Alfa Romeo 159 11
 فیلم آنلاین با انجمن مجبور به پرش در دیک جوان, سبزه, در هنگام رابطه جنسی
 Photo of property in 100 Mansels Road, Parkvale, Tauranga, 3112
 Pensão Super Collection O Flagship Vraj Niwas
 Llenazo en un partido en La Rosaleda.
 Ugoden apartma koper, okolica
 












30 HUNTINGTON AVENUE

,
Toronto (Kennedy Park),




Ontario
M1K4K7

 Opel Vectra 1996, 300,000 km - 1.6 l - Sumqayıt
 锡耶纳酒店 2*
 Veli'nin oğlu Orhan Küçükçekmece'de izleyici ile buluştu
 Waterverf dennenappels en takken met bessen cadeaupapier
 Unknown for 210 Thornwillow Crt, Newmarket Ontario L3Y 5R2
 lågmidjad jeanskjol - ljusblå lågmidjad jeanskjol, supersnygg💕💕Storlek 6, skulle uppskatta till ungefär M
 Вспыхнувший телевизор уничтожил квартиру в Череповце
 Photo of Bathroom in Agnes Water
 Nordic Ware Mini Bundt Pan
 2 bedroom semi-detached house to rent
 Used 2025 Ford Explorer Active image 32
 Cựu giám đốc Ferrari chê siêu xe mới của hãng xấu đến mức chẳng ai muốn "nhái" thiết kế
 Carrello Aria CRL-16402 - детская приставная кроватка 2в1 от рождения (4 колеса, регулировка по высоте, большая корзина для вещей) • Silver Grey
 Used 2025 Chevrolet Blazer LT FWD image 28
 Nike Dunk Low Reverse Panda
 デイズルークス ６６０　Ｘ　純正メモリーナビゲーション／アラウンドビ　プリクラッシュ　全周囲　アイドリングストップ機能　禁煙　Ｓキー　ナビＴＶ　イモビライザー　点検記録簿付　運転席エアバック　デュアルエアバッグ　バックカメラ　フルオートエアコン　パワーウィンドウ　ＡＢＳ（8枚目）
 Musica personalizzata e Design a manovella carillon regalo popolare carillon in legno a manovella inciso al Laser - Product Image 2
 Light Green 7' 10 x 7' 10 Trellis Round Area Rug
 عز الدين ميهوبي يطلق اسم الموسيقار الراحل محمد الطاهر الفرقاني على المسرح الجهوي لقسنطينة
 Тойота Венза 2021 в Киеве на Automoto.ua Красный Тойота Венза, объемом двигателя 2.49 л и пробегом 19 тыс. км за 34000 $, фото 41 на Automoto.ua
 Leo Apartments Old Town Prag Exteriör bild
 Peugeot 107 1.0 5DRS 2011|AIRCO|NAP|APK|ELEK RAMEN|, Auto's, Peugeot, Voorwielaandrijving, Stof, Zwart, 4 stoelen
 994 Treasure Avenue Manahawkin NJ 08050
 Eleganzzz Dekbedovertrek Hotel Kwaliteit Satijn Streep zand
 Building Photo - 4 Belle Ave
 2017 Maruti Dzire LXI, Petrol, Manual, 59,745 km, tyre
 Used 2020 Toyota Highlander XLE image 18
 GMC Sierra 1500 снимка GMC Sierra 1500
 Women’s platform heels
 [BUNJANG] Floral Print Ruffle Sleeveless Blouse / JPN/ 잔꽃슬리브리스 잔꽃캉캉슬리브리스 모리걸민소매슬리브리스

————

**Task objective**
How many of the lines above contain the word "Photo"? Give the number alone.

**Your response**
3